The number of jobs changed little in September, according to data from Statistics Canada’s most recent Labor Force Survey.
After declining in August, employment rose very slightly. Among young women aged 15 to 24, it fell for a second consecutive month. However, it increased in the category of young men and among women aged 25 to 54.
Statistics Canada notes, contrary to what was observed in July and August, an increase of 35,000 employees in the public sector, largely in educational services. In the private sector and among the self-employed, employment remained stable.
Four provinces are affected by a slight increase in the number of jobs, namely British Columbia, Manitoba, Nova Scotia and New Brunswick. Conversely, fewer people worked in Ontario and Prince Edward Island.
After increasing in August, employment remained stable in Quebec, and the unemployment rate was little changed.
Imbalance in responsibilities
Childcare responsibilities have had a greater impact on women’s work decisions than men’s over the past year.
In September 2022, as parents and children began to return to school routines, the employment rate of core-age mothers with at least one child under the age of 18 reached its highest level ever. the month of September since 1976, i.e. 79.9%. This rate is also up by 2.1 percentage points compared to September 2019.

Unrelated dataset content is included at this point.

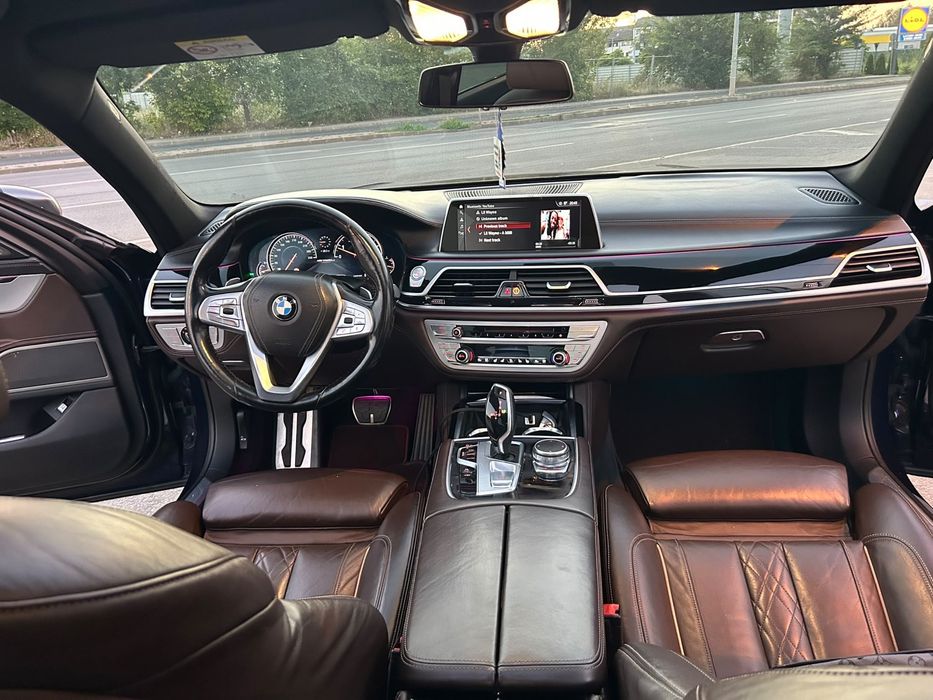 Bmw 750 i // 450 Cp // Variante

However, those with a child under 16 were twice as likely (14.9%) to have decided not to apply for a job or promotion in the previous 12 months as their male counterparts (7.1% ). Meanwhile, almost half of mothers said they helped their children with homework or homeschooled most or all of the time, compared to a quarter of fathers.
Drop in the unemployment rate
After an increase the previous month, the unemployment rate fell again. It fell from 5.4% to 5.2%, from August to September.
According to Statistics Canada, long-term unemployment, that is, the number of people who have been unemployed for 27 weeks or more, fell by 9.7% in September. This offset the 13.7% increase recorded in August.